Épuisé le 7 septembre par Mirourt (Vosges) de France, une famille albanaise avec deux enfants renvoyé par jets privés à la capitale de Tirana, à un coût qui pourrait approcher 100 000 euros, écrit les médias familiaux français avec deux enfants dans la matinée du 7 septembre. C'était excitant, car l'expulsion a provoqué [...]
Épuisé le 7 septembre par Mirourt (Vosges) de France, une famille albanaise avec deux enfants renvoyé par jet privé à Tirana capitale, à un coût qui pourrait s'approcher de 100 000 euros, écrit les médias français
Le décès de la famille et de deux enfants s'est achevé le matin du 7 septembre.

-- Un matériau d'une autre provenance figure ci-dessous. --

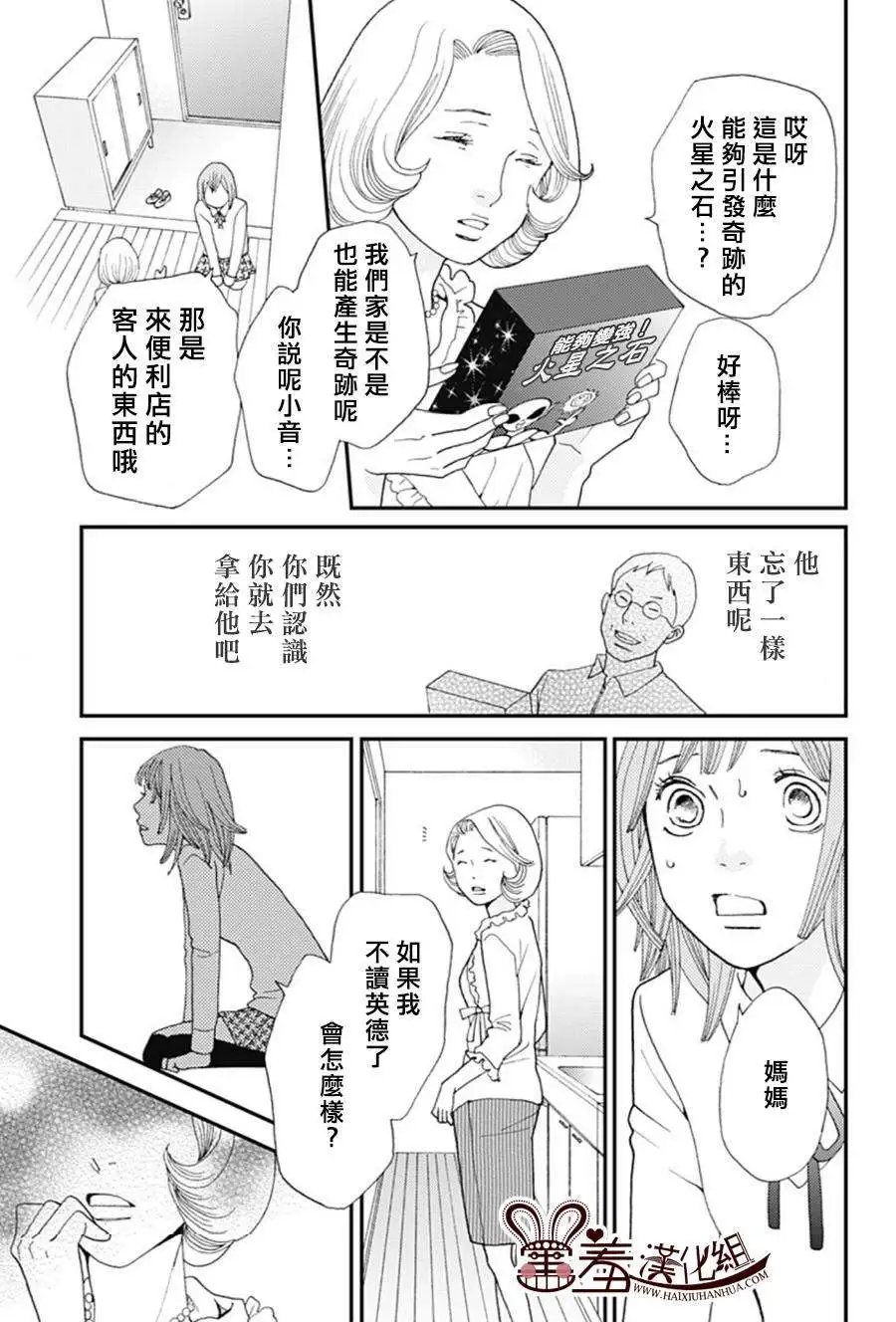 第01回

C'était excitant, car la déportation a suscité une forte vague de soutien à Mirourt (Vosges), comme le club de football où l'un des garçons jouait. Ce mardi, le quotidien français “Vosges Matin” a constaté que les quatre membres de la famille arrivés en 2016 dans cette municipalité, l'Albanie, ont été expulsés sur un jet privé, a diffusé Albinfo.ch.
Le quotidien diffuse également des témoignages d'une organisation indignée. Selon l'Association de solidarité avec les réfugiés de Mirourt, les véhicules des forces de police sont arrivés à l'aube dans le bâtiment. La famille a été confisquée par des téléphones portables puis transportée à un aéroport où un avion immatriculé les attendait, un volontaire de l'Asilàcueil 88” a décrit l'événement.

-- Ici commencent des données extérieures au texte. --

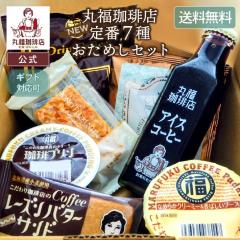 yz ەX Zbg rl߃R[q[ v g hbv A[ht^ [Yo^[Th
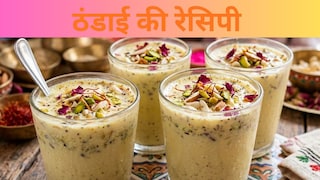 Thandai Recipe: गर्मियों में घर पर ट्राई करें वाराणसी की मशहूर ठंडाई, जानें मिनटों में इसे बनाने का आसान तरीका UP Tak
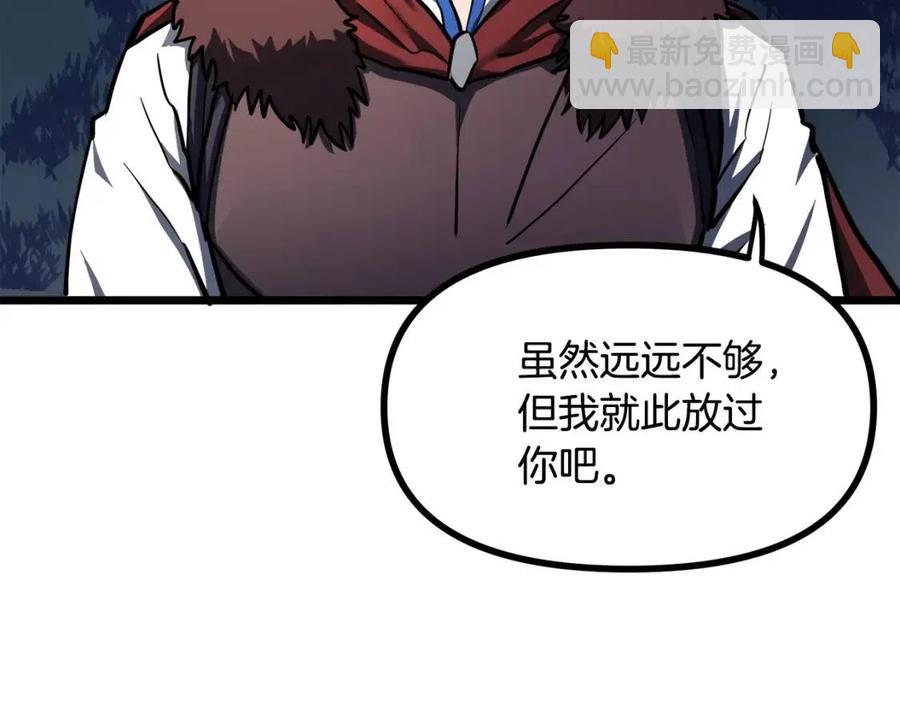 第33话 反复折磨197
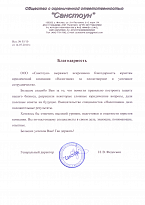 ООО «Санстоун»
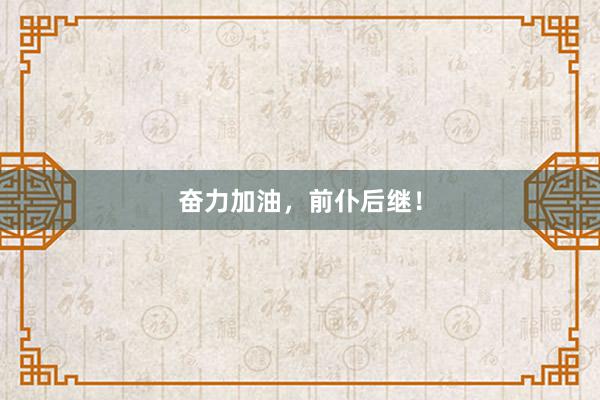 奋力加油，前仆后继！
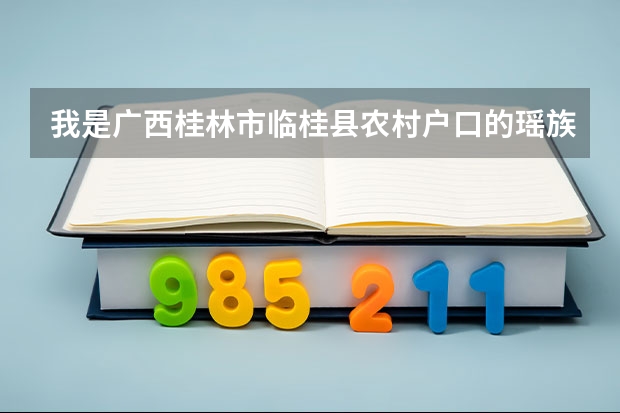 我是广西桂林市临桂县农村户口的瑶族的考生,想问在的高考中我能加多少分?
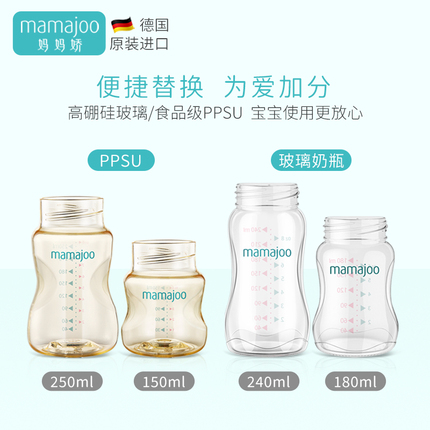 德国进口Mamajoo原装玻璃奶瓶瓶身单买配件宽口径ppsu瓶身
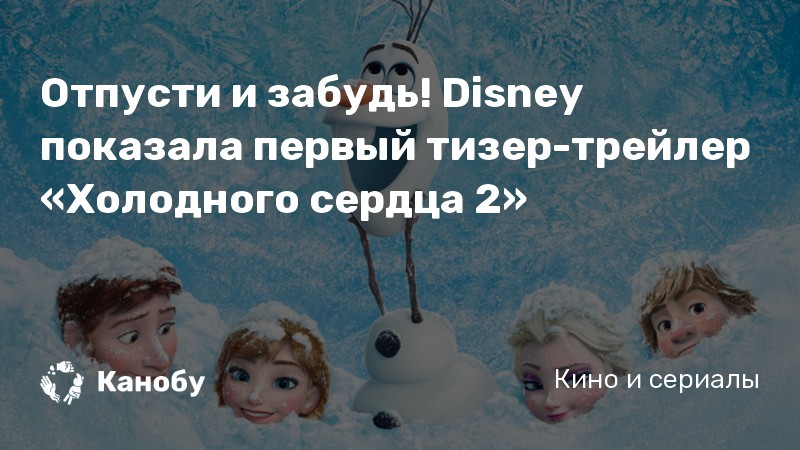 Отпусти и забудь! Disney показала первый тизертрейлер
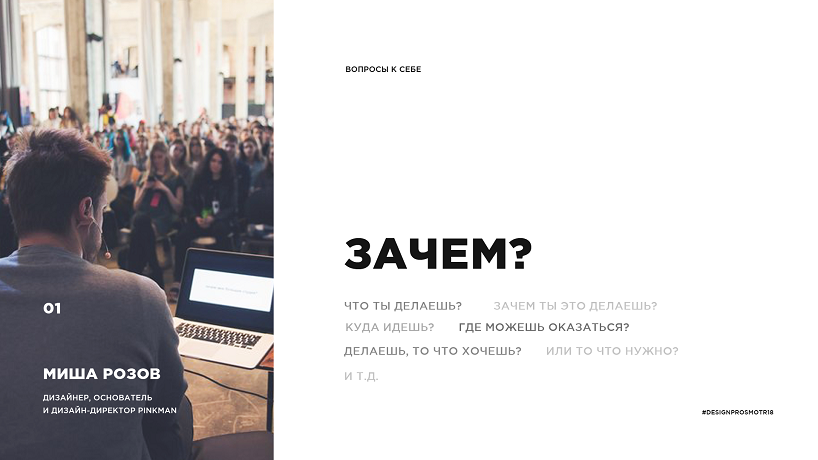 Миша Розов
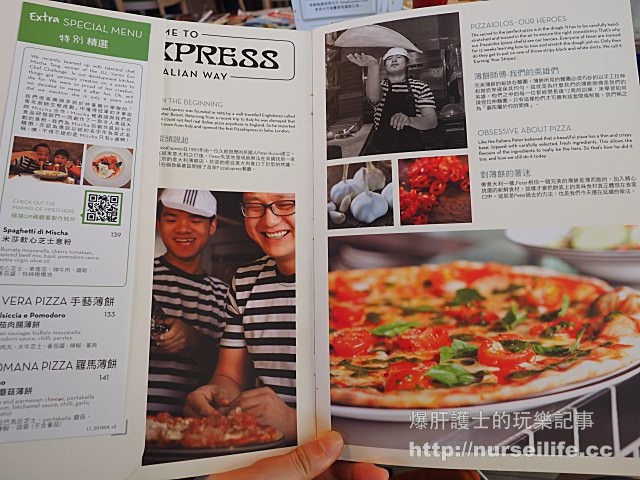 【香港】Pizza express 離開機場必吃的義大利餐廳 - nurseilife.cc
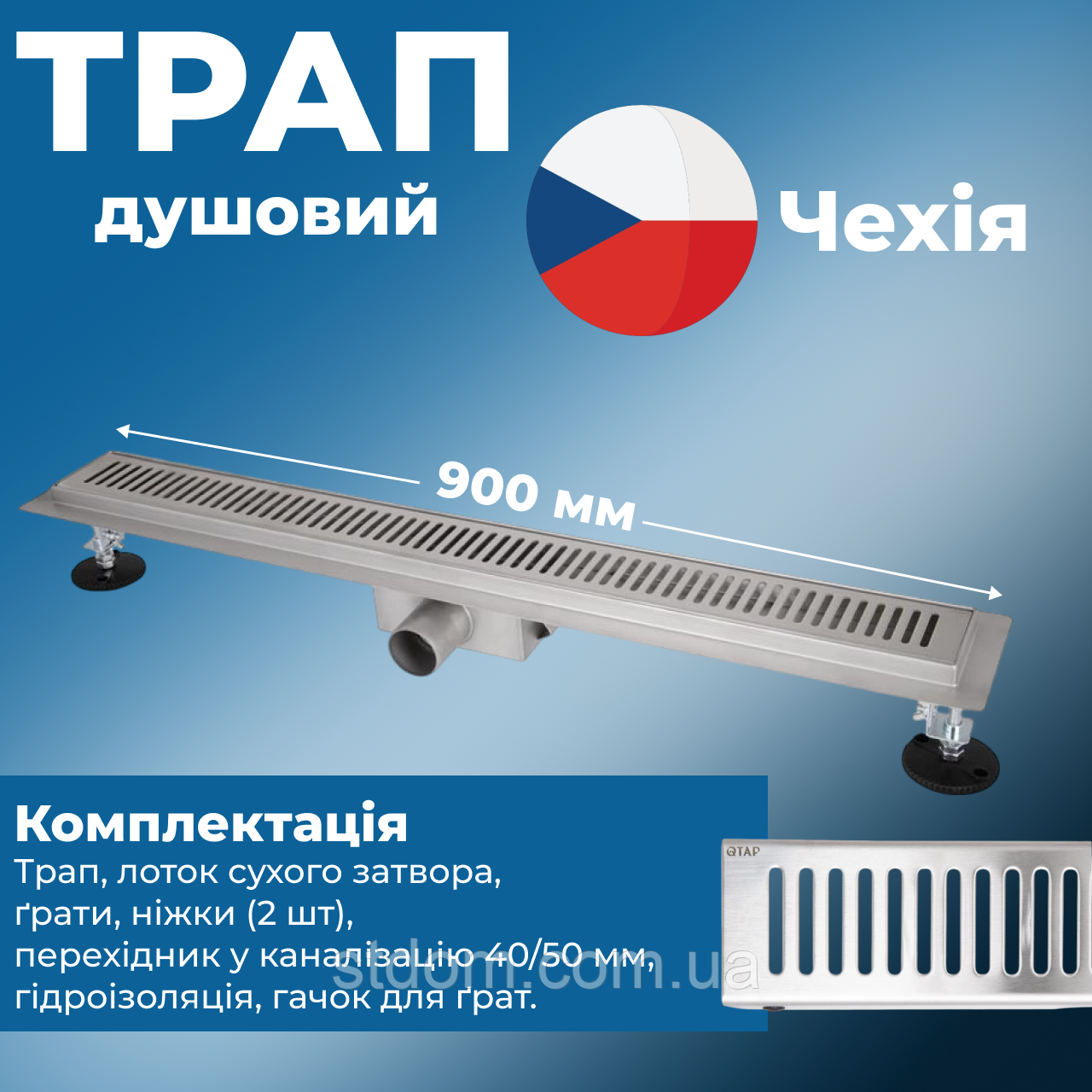 Трап душовий 900 неіржавка сталь сухим закривом 90 см зливний канал в підлогу лінійний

Après avoir rendu la famille irrégulièrement de France à la capitale de Tirana, le témoin a déclaré: “tout cela est effrayant. Ils ont été très bien intégrés dans notre communauté.
Nous ressentons la révolte et la honte dans les vies ruinées de ces <x0 personnes.
Face aux moyens que le journal régional considère comme <x0 Non-professionnel”, un message a récemment été envoyé aux députés Vosges.
Formée par divers organismes caritatifs, le coût d'une telle opération pour expulser une famille dans un avion privé en Albanie, le collectif l'estime à 100 000 euros.
Ni la compagnie aérienne ni la préfecture n'ont répondu au journal. En 2015, la Street Press a constaté que 1,5 million d'euros par an étaient utilisés pour transporter des immigrants de Calais vers des centres de détention par jet privé.